Schulen wollen keine Schliessung, NZZ, 26.10. von Erich Aschwanden

Immer mehr Bildungsverantwortliche stellen sich die bange Frage: Führt die zweite Welle dazu, dass die Einrichtungen der obligatorischen Schulstufe wieder flächendeckend geschlossen werden? Geht es nach dem Willen von Lehrern und Schulleitungen, darf es nicht mehr so weit kommen. «Wenn wir aus dem Lockdown etwas gelernt haben, ist es, dass Fernunterricht als Notlösung funktioniert. Homeschooling kann den Präsenzunterricht nie und nimmer ersetzen», sagt Marcel Vosswinkel, Schulleiter im zürcherischen Nürensdorf. 

Homeschooling als Ausnahme

Grund für die Skepsis ist die Tatsache, dass Fernunterricht Schülerinnen und Schüler zurückwirft, die ohnehin Mühe mit der Bewältigung des Schulstoffs bekunden. «Die Schere ist während der Schulschliessung im Frühling noch mehr aufgegangen», stellt Vosswinkel fest. Kinder aus sozial schwächeren Familien seien mit Defiziten zurückgekehrt. Dies, weil sie von den Eltern weniger unterstützt und kontrolliert würden.

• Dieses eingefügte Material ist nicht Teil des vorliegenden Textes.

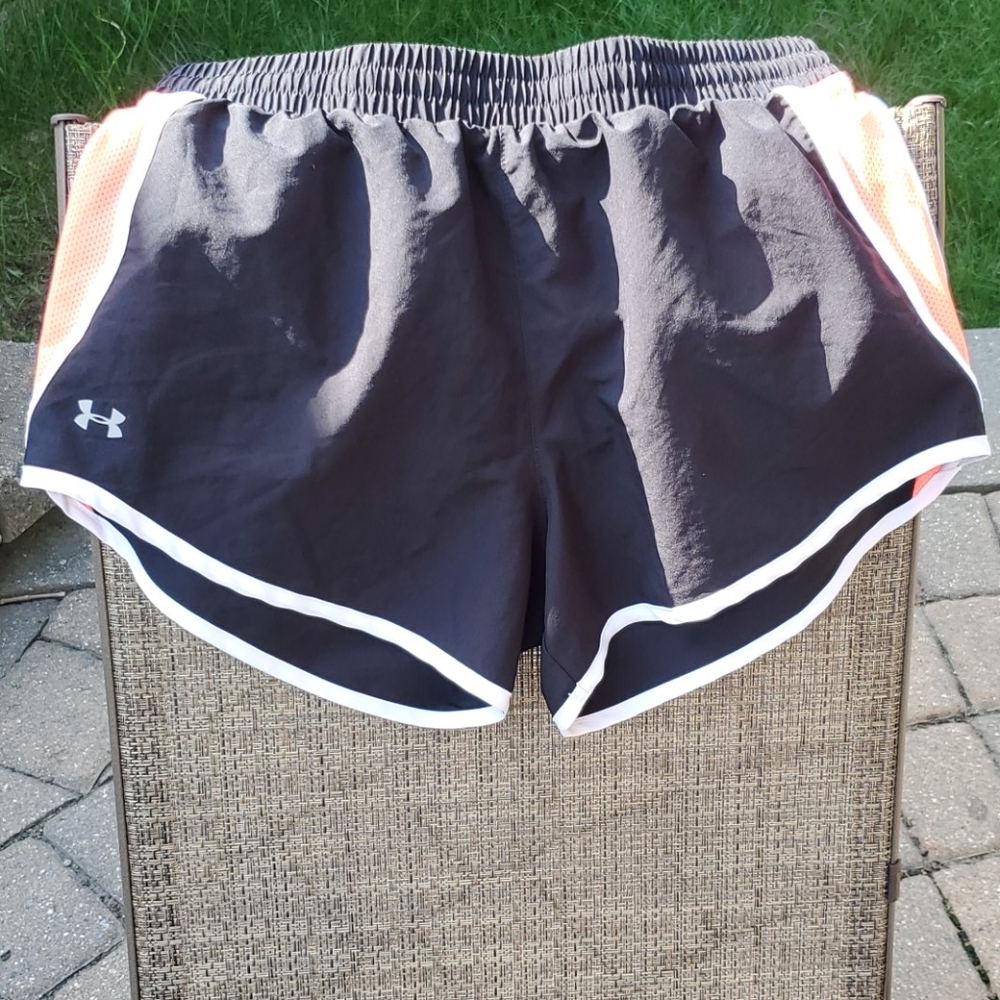 Women's small Under Armour shorts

Spürbar sei dies insbesondere in den sprachlichen Fächern. «Die Schule hat eine sozial ausgleichende Rolle, und die kann sie nicht spielen, wenn die Kinder zu Hause unterrichtet werden», betont Vosswinkel.

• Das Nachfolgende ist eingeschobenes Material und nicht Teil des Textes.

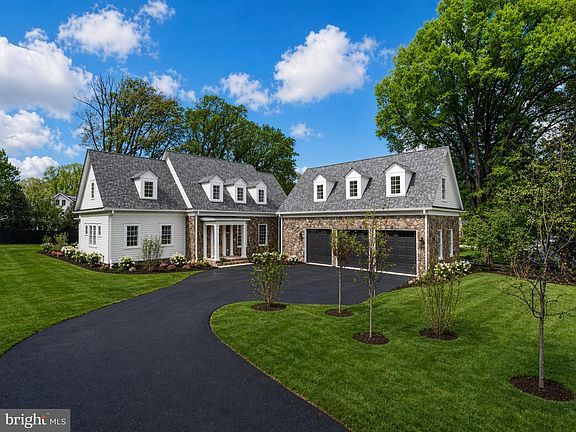 3rd image of 1538 Forest Ln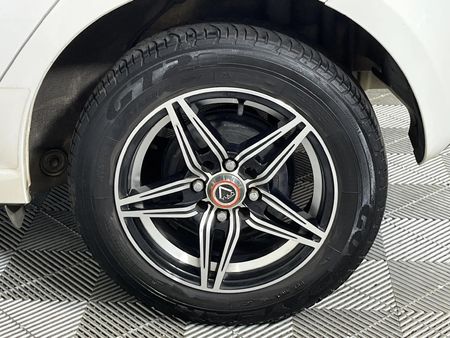 2010-Mazda-2-13-Active_6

Wie in Nürensdorf sei es auch in den meisten anderen Schulen der Schweiz, stellt Stephan Huber von der Pädagogischen Hochschule Zug fest. Der Bildungsforscher hat mit seinem Team in den letzten Wochen im Rahmen des sogenannten Schul-Barometers 80 Schulleiter aus der Schweiz befragt. «Überall stellt man sich auf temporäre Schulschliessungen ein. Angesichts der Erfahrungen aus dem Lockdown im Frühling unternehmen die Verantwortlichen alles, damit digitale Unterrichtsformen in den Schulalltag integriert werden und die Schulen gut vorbereitet sind, wenn es zu temporären, lokalen Schulschliessungen kommt», erklärt Huber. 

Verschiedene Schulen hätten Ernstfallübungen durchgeführt, indem Klassen oder ganze Schulhäuser probeweise geschlossen worden seien. «Die meisten versuchen, den Regelbetrieb aufrechtzuerhalten. Niemand will erneut eine ganze Schule schliessen. Die Massnahmen werden auf einzelne Klassen oder Teile von Schulhäusern beschränkt», betont Huber. Der Stand der Vorbereitung sei unterschiedlich, aber viele Schulen würden von den Erfahrungen profitieren, die sie während des angeordneten Fernunterrichts gemacht hätten. Heute seien sie technisch besser auf den Unterricht mit digitalen Medien vorbereitet.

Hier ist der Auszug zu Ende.